Records from a data source:
□ □ □
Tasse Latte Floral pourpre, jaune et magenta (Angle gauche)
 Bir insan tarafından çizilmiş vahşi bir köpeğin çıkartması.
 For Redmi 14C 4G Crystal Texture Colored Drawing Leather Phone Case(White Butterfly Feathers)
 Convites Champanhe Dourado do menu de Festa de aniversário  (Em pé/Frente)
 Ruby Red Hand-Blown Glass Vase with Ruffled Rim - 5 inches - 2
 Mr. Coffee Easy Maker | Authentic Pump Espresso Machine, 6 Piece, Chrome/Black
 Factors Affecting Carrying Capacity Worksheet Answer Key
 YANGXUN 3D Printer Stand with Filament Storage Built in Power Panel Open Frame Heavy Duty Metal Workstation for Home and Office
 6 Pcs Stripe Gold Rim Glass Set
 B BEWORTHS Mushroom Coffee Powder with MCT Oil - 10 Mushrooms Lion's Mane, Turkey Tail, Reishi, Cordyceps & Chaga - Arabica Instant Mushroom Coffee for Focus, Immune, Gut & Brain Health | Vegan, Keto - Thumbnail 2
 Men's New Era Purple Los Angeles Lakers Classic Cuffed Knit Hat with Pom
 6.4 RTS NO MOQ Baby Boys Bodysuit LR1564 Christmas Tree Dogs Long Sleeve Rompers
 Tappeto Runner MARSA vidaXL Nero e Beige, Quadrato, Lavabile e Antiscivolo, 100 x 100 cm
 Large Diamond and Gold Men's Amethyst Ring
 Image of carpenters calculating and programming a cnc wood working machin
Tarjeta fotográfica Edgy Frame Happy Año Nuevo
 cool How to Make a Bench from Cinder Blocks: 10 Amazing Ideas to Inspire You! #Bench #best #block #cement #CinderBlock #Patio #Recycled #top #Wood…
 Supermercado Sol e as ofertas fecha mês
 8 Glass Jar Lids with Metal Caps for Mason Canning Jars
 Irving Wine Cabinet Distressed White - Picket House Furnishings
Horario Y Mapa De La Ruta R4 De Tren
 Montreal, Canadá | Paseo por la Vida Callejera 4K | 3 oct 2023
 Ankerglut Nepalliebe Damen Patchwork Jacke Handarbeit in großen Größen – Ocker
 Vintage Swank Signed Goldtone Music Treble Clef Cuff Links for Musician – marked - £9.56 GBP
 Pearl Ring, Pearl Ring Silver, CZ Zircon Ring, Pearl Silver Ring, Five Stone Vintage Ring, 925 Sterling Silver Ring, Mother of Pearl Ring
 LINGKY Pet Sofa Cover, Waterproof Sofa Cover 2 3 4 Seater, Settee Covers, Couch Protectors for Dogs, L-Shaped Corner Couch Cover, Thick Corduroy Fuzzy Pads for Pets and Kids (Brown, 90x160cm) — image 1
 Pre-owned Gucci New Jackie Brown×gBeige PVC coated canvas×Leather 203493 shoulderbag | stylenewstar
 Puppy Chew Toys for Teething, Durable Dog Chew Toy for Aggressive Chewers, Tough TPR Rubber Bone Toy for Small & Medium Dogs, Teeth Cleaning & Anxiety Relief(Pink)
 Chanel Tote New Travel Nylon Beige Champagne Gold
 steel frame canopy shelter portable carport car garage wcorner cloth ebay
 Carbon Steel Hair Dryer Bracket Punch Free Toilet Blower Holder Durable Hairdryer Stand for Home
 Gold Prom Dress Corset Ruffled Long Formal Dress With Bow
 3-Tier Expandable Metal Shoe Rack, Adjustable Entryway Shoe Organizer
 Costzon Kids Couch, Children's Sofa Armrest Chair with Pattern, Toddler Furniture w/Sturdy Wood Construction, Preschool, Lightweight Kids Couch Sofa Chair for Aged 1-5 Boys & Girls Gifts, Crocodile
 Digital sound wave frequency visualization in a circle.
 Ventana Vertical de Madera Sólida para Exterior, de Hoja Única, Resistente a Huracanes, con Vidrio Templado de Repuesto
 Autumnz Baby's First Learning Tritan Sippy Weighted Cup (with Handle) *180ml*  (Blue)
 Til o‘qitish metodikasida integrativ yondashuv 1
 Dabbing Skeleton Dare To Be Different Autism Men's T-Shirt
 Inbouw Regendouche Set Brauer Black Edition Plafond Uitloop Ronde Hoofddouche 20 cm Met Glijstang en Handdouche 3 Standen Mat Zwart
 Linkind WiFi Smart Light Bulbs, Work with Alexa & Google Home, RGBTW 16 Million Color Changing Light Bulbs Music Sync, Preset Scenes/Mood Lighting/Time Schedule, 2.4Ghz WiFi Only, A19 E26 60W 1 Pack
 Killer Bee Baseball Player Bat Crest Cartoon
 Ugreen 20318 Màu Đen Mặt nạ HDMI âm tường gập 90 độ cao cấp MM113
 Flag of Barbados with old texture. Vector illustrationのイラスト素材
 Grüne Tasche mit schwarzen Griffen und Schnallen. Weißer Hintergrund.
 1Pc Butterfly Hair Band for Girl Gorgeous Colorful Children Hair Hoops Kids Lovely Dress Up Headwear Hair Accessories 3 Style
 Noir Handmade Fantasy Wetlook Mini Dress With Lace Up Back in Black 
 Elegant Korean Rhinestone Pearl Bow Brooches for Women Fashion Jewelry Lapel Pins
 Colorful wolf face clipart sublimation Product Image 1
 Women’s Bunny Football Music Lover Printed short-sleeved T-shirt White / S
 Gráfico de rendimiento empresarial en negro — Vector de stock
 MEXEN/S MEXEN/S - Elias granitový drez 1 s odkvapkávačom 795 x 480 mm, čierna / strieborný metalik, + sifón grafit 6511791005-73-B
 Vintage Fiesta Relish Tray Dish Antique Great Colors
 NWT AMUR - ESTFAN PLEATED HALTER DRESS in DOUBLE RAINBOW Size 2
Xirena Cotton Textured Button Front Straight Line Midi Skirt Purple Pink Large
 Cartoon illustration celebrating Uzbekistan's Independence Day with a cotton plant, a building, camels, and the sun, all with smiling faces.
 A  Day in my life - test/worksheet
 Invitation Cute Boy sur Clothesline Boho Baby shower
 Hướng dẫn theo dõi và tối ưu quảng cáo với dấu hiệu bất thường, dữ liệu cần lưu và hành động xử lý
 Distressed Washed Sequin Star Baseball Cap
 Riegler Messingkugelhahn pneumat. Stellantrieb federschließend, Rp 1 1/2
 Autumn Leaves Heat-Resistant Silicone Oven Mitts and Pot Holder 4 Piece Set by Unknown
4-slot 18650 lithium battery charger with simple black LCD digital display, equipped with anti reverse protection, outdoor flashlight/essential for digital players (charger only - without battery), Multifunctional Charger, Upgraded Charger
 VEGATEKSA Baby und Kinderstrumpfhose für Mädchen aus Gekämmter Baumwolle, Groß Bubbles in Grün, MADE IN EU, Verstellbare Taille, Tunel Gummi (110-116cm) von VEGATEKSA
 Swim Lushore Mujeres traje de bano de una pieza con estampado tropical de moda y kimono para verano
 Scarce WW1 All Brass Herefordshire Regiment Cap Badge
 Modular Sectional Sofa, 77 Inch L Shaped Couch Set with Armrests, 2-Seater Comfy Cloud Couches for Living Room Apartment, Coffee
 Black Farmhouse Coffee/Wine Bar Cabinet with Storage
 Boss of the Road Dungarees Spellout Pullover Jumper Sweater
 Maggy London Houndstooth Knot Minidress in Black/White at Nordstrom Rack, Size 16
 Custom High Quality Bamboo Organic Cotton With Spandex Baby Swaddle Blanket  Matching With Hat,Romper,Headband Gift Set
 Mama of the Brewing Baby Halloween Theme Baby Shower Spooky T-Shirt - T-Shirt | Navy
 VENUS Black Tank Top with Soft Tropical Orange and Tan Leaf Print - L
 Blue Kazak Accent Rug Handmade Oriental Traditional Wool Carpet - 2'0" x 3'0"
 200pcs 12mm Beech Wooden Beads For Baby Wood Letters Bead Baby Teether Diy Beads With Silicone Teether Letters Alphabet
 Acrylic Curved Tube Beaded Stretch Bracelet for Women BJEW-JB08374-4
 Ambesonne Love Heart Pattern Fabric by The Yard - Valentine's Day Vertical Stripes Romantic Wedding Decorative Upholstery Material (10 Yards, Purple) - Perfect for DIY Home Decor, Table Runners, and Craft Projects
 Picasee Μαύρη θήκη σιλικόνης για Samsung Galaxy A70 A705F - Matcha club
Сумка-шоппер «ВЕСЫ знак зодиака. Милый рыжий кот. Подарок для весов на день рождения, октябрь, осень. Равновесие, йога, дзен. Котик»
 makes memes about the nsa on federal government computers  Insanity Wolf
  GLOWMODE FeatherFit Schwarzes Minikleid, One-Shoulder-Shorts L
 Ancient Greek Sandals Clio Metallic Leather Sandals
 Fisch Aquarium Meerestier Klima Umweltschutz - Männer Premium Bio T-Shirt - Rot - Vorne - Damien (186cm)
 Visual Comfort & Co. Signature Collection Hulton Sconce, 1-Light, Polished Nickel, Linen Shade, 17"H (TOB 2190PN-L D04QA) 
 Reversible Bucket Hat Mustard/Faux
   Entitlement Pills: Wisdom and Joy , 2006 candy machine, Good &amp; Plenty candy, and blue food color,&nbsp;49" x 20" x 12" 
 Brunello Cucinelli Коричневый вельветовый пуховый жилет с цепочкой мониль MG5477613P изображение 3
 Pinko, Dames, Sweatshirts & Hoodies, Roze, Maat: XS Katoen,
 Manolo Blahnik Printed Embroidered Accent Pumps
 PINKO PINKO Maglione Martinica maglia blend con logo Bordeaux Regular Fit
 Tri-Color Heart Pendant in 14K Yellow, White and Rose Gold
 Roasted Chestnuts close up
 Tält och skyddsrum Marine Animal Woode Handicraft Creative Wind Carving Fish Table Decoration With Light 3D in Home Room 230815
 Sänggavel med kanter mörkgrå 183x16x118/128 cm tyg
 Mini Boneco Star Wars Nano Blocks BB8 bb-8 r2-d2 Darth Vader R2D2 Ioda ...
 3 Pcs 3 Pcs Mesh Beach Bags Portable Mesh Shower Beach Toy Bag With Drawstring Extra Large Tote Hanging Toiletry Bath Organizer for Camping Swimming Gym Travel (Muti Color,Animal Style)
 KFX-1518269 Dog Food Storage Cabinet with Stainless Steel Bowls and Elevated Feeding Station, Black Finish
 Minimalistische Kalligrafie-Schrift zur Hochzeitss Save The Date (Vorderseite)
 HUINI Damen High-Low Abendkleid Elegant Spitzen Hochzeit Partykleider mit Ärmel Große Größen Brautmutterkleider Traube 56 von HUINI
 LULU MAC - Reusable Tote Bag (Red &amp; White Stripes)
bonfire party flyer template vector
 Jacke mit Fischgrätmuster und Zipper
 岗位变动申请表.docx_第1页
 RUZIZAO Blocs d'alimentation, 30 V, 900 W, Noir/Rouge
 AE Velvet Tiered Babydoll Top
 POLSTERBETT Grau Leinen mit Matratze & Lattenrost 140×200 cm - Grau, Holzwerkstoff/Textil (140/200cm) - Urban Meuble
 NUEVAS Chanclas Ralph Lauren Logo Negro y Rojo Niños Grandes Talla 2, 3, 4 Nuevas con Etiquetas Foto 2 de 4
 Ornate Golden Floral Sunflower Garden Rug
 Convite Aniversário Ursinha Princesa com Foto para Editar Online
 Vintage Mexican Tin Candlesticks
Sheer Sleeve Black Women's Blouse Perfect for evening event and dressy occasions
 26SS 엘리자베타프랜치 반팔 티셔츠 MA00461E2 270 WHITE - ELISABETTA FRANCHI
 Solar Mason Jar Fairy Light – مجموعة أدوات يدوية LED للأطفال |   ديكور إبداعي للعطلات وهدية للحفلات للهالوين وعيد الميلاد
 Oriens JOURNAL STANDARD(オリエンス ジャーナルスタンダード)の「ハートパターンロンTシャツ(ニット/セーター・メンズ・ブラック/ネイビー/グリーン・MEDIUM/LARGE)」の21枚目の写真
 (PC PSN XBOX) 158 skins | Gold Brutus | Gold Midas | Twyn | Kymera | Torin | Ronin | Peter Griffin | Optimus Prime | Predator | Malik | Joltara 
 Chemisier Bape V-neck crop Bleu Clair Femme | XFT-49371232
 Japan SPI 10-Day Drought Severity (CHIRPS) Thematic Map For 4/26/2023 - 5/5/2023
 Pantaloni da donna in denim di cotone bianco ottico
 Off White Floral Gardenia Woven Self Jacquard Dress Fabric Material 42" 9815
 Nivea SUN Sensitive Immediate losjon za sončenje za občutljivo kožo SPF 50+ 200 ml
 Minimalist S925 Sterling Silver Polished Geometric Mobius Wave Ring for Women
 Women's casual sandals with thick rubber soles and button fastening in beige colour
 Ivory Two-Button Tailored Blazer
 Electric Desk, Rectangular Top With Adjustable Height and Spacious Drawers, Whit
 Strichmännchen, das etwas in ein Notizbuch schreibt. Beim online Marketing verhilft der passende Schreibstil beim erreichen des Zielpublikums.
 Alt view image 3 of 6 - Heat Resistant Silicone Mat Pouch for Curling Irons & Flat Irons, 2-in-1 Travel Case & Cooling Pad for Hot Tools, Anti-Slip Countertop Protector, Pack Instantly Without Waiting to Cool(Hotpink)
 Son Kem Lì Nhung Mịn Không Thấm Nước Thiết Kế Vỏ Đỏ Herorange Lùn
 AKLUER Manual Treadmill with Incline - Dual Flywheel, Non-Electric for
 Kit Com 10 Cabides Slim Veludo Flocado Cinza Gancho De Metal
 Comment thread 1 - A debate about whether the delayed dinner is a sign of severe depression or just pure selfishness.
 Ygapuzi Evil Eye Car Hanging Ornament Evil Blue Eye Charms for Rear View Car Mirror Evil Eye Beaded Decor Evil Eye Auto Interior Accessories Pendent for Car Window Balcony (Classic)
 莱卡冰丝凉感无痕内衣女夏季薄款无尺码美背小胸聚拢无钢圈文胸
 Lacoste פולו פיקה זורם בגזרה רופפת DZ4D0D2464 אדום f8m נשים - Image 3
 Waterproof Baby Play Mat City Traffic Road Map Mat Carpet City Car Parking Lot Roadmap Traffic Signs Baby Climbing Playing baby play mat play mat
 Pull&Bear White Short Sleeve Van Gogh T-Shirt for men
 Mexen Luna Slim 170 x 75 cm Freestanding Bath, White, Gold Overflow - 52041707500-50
□ □ □
Word for word, output the lines of the data from its first line through the line where "Factors Affecting Carrying" appears, and stop there.

Tasse Latte Floral pourpre, jaune et magenta (Angle gauche)
 Bir insan tarafından çizilmiş vahşi bir köpeğin çıkartması.
 For Redmi 14C 4G Crystal Texture Colored Drawing Leather Phone Case(White Butterfly Feathers)
 Convites Champanhe Dourado do menu de Festa de aniversário  (Em pé/Frente)
 Ruby Red Hand-Blown Glass Vase with Ruffled Rim - 5 inches - 2
 Mr. Coffee Easy Maker | Authentic Pump Espresso Machine, 6 Piece, Chrome/Black
 Factors Affecting Carrying Capacity Worksheet Answer Key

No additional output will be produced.